Key messages
- Losses and damages are already happening and will increase significantly on current trajectories, but rapid mitigation and effective adaptation can still prevent many of these.
- While many losses and damages can be calculated in monetary terms, there are also non-economic losses and damages that need to be better understood and accounted for.
- A coordinated, global policy response to losses and damages (known by the capitalised Loss and Damage) is urgently needed.
Insight explained
Cutting GHGs and adapting to climate realities can only take us so far. The harms caused by climate change impacts that are difficult or impossible to avoid through mitigation and adaptation are known as losses and damages (l&d). Communities everywhere are beginning to experience l&d to their livelihoods and ancestral lands, including vulnerable communities in nations that bear minimal historical responsibility for climate change – placing this issue at the heart of climate justice.

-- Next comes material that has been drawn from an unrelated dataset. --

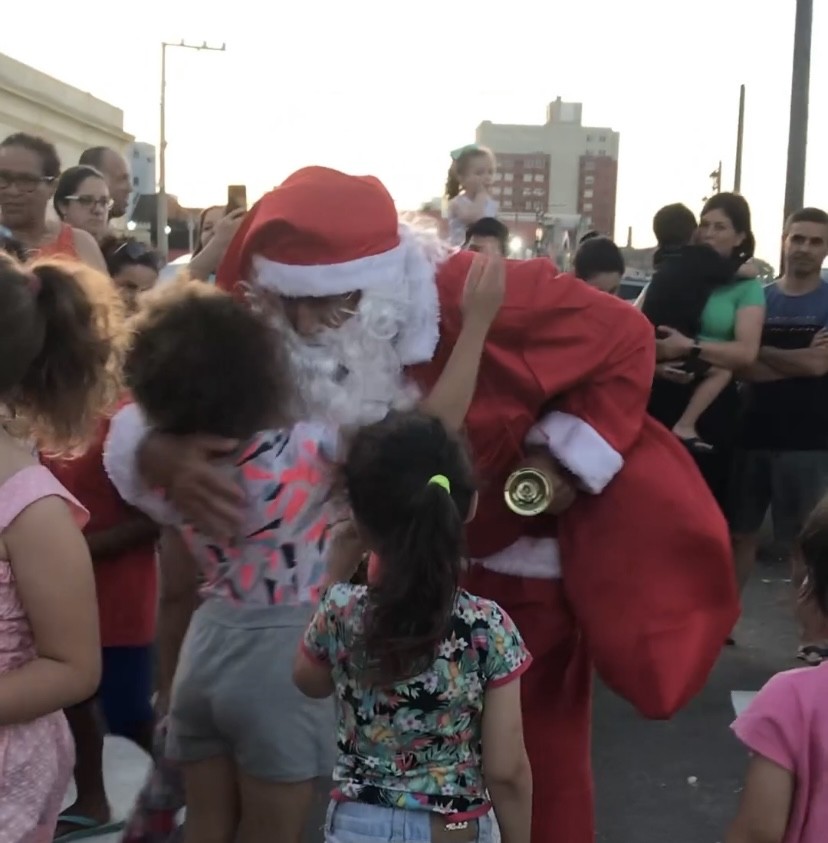 Chegada do Papai Noel marca a abertura do Ondas de Natal no Centro Histórico de Rio Grande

Losses and damages from climate change are not just a future risk, but are already a present reality as a result of slow-onset climatic changes and extreme weather events that can increasingly be attributed to anthropogenic climate change. For example, low-lying coastal areas face existential risks from flooding, while heat-stressed places face more life-threatening heatwaves as the magnitude of climate change impacts in these places exceeds what can be adapted to (see Insight 1). Current trends are expected to cause l&d to increase significantly, including for example in the lowest-lying island nations, which are at risk of becoming uninhabitable. The IPCC’s 6th Assessment Report states with high confidence that “with increasing global warming, losses and damages will increase and additional human and natural systems will reach adaptation limits” (IPCC AR6 WGII, SPM, 2022).

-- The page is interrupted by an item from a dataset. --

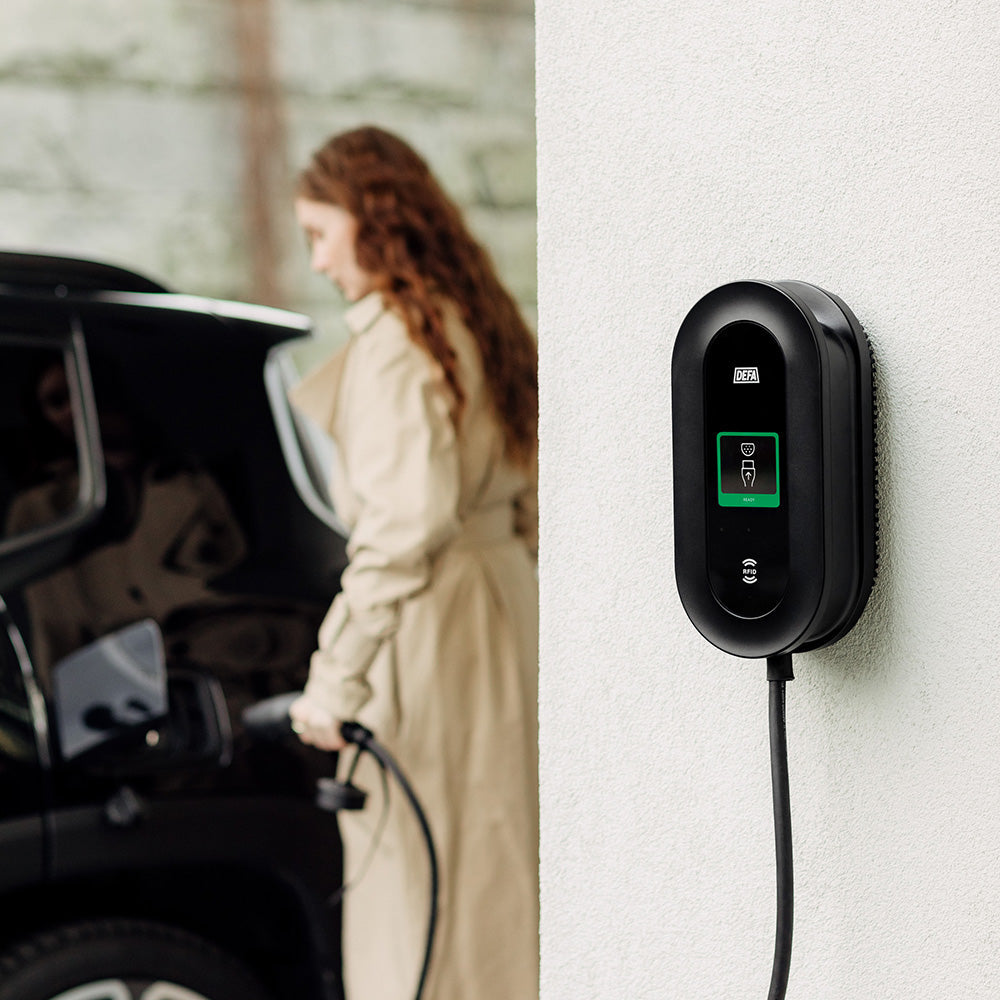 Latausasema DEFA Power 22kW dynaamisella kuormanhallinnalla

The policy response to l&d – known as (upper case) Loss and Damage (L&D) – is gaining traction, but it is yet to emerge as distinct from adaptation, whether at the national or international level. Meanwhile, political disagreements around the role of historical responsibility and compensation have slowed progress on L&D policy at the UNFCCC level. Climate financing for L&D remains a major barrier in the negotiations. Insurance plays a role in addressing l&d in cases that have not been (or could not be) avoided by adaptation, but it is no help to people who have suffered l&d that cannot be monetised (see the In focus box, below). Innovative international legal mechanisms, including potentially climate litigation, will be necessary to protect impacted individuals’ rights, as well as to, for example, guard nations’ exclusive economic zones in the sea that are drawn relative to land territory (which may be lost).
The broadening definitions of loss and damage
Losses and damages (l&d) can manifest in many different ways, and current approaches to “avert, minimise and address” them span four broad strategies: risk reduction, risk transfer, risk retention and transformational approaches. The upper case Loss and Damage (L&D) refers to the political and policy response to addressing l&d but lacks a consensus definition, with at least four distinct perspectives observed: adaptation and mitigation, risk management, limits to adaptation and existential.
Not all l&d are reducible to economic terms; rather we also need to consider, for example, life, health, mobility, territory, identity, agency, sense of place, social cohesion, cultural heritage, Indigenous knowledge, biodiversity and ecosystem services. These non-economic losses and damages (NELD) are already being experienced in communities. Failing to consider NELD distorts understandings of climate change impacts (e.g. loss of cultural rituals due to failed harvests), discounts peoples’ experiences (e.g. destruction of sacred places or cemeteries), and skews future decision-making (e.g. towards capital and away from capabilities).
Implications & Recommendations
Climate negotiators and decision makers at all levels – international, national and local – need to:
- Improve the accuracy of calculations of ongoing and future l&d. This is crucial, among other things, so that l&d can be included in global stocktaking.
- Treat L&D as a distinct policy area, notwithstanding that there are clear overlaps with adaptation.
- Broaden understandings and definitions for NELD.
- Seek innovative legal and financial mechanisms to protect individuals’ and nations’ rights in response to l&d.